__To do__
From the entries below, print exactly the span beginning with the line holding "Eco Friendly and" and ending with the line holding "Par De Esquadros", endpoints included, and skip any pictures.

__Material for this exercise__
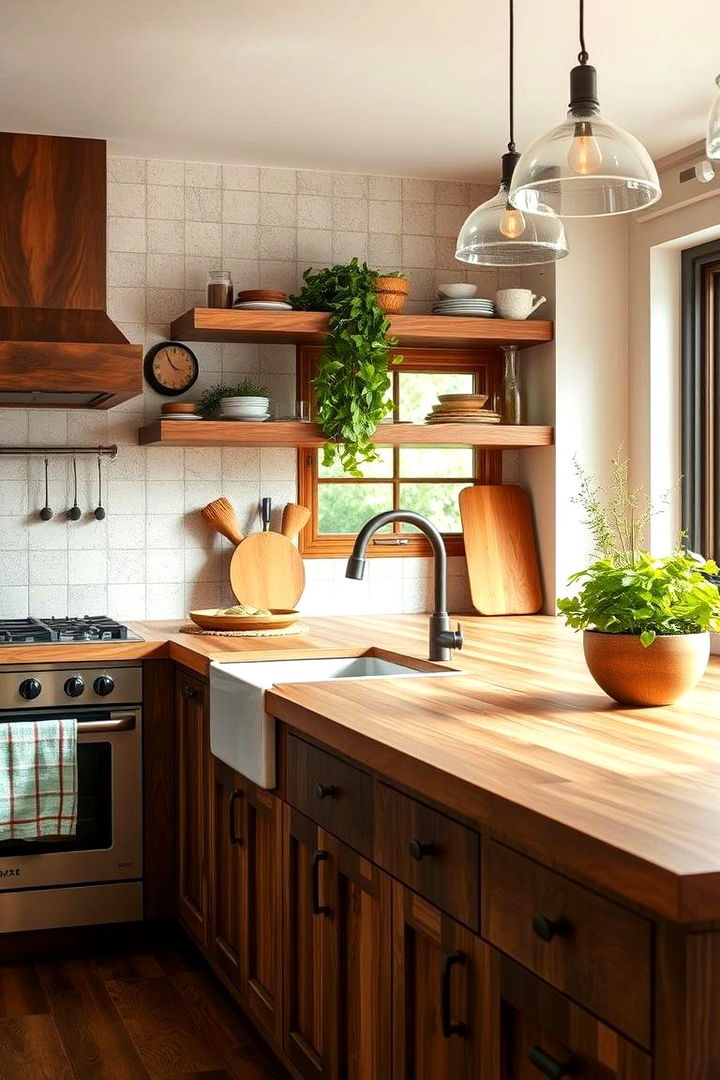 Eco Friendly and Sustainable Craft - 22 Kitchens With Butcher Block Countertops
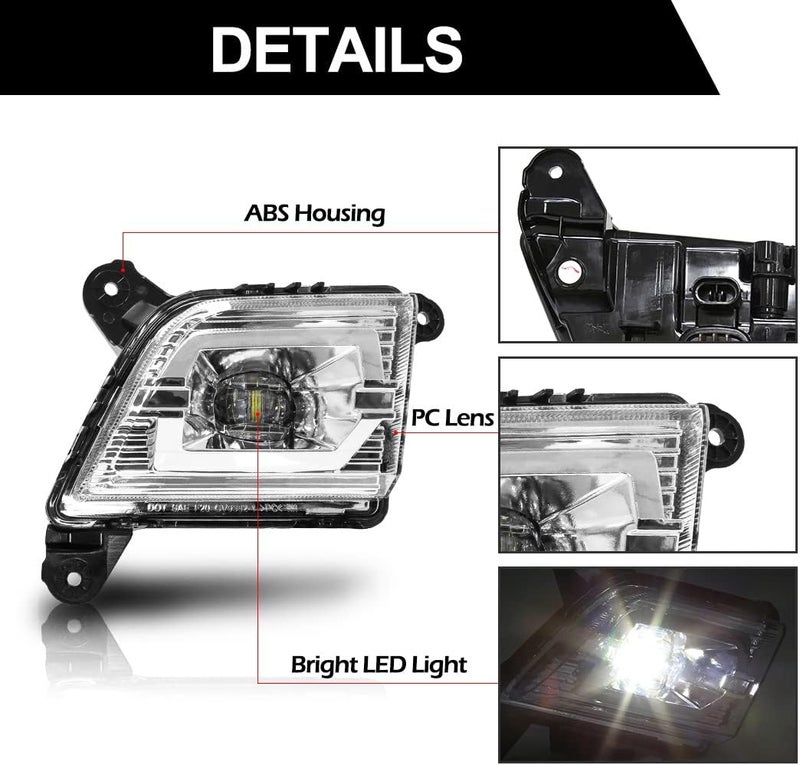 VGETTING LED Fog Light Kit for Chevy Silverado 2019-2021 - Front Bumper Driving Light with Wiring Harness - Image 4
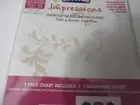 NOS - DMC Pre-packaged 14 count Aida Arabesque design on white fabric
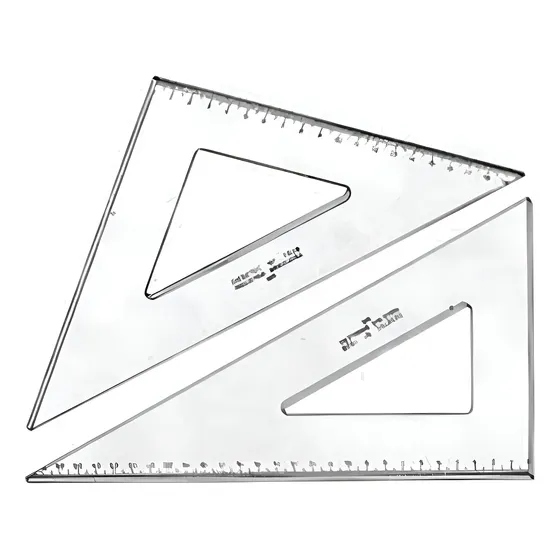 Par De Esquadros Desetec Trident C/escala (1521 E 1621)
* * *
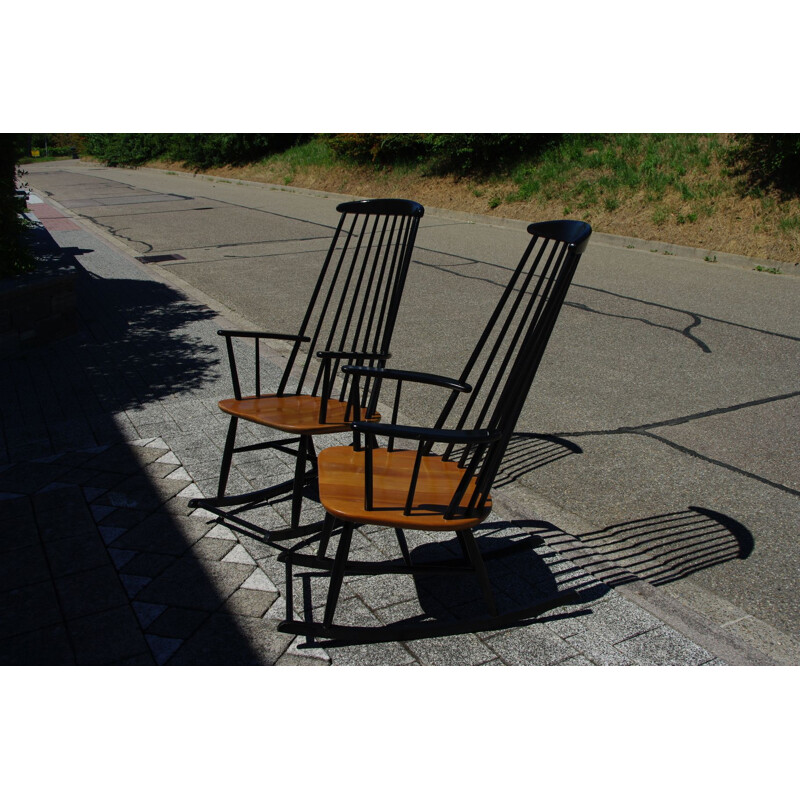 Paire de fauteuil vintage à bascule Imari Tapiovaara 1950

__Task response__
 Eco Friendly and Sustainable Craft - 22 Kitchens With Butcher Block Countertops
 VGETTING LED Fog Light Kit for Chevy Silverado 2019-2021 - Front Bumper Driving Light with Wiring Harness - Image 4
 NOS - DMC Pre-packaged 14 count Aida Arabesque design on white fabric
 Par De Esquadros Desetec Trident C/escala (1521 E 1621)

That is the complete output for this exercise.